Spesso nelle case stesse ci sono gli ex proprietari pignorati, non è facile liberare gli immobili. Tuttavia si tratta pur sempre di case vendute a prezzi molto bassi rispetto al mercato. A qualcuno interessano». Già. A chi? Naturalmente a uomini d’affari lesti nel chiudere le trattative. Ma, su territori come quelli della provincia di Napoli, anche a chi, evidentemente, ha più facilità di altri nel gestire ingenti liquidità (caso mai da “lavare”) e nel liberare le case da ospiti sgraditi: uomini ovviamente “di rispetto”. A metà novembre nel capoluogo partenopeo sono state arrestate quattro persone, ritenute vicine al clan Nuvoletta di Marano. I quattro sono stati colti in flagranza di reato dagli agenti del commissariato di Polizia San Ferdinando durante un’asta in uno studio notarile per la vendita di immobili.

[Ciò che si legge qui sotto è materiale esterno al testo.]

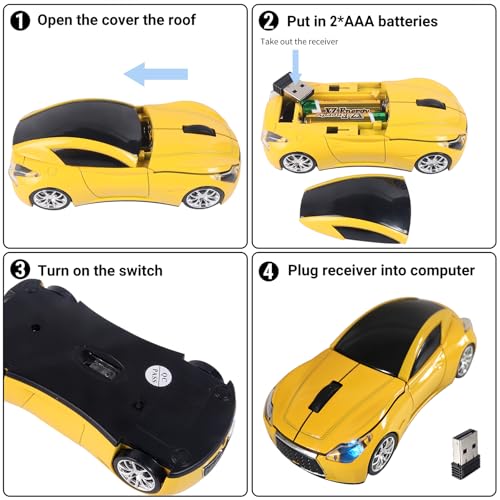 Image of elec Space Wireless Mini Mouse with Case - Cute Sports Car Shape, Lightweight & Portable, 10m Range, Plug and Play (Yellow)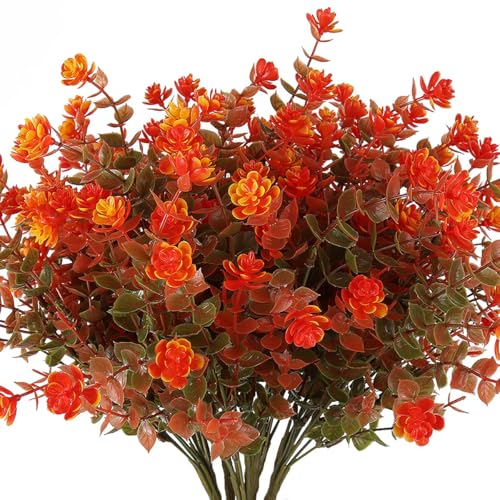 RECUTMS Artificial Fall Mums Flowers No Fade Faux Autumn Plants Outdoor 8Pc | Fake Orange Plastic Greenery Fall Orange Decor for Thanksgiving Christmas Wedding Party Home Garden Fireplace Indoor Décor - color: Green Orange, size: 8 Pcs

I poliziotti, per scovarli, hanno finto di voler partecipare ad un’asta per alcuni appartamenti di Giugliano, Arzano e Marano: quando hanno cominciato a partecipare al bando e a rilanciare per aggiudicarsi il lotto, i quattro si sono avvicinati e con minacce esplicite li hanno invitati a lasciare l’asta. «Qui le case le compriamo solo noi, siamo gente del clan di Marano: andate via oppure non state tranquilli», hanno intimato ai poliziotti ovviamente in borghese. Immediate sono scattate le manette per Emiliano Pesce, vomerese di 30 anni, Vincenzo Iasevoli, incensurato 23enne del Vomero, Luciano Vitiello, 44 enne di Secondigliano, e Vincenzo Piretti, imprenditore incensurato 53enne di Marano, considerato la mente del gruppo. Un metodo sbrigativo per acquisire con poco e per liberare e rimettere sul mercato case comprate con la fatica di un lavoro e perse con l’accumularsi di un debito con lo Stato. “Il problema delle aste - spiega Giuseppe Carotenuto, a nome di un comitato di utenti che sono stati bersagliati da cartelle esattoriali talvolta sbagliate - è a monte. Non si possono trattare cittadini in difficoltà come criminali, incalzandoli sul debito, stringendoli nella morsa fino a togliergli la casa che poi, finita caso mai nelle mani della camorra, deve essere anche liberata in fretta e furia. Ci vorrebbe un metodo più attento ai bisogni della gente. Le tasse si pagano ma la gente non può fare miracoli».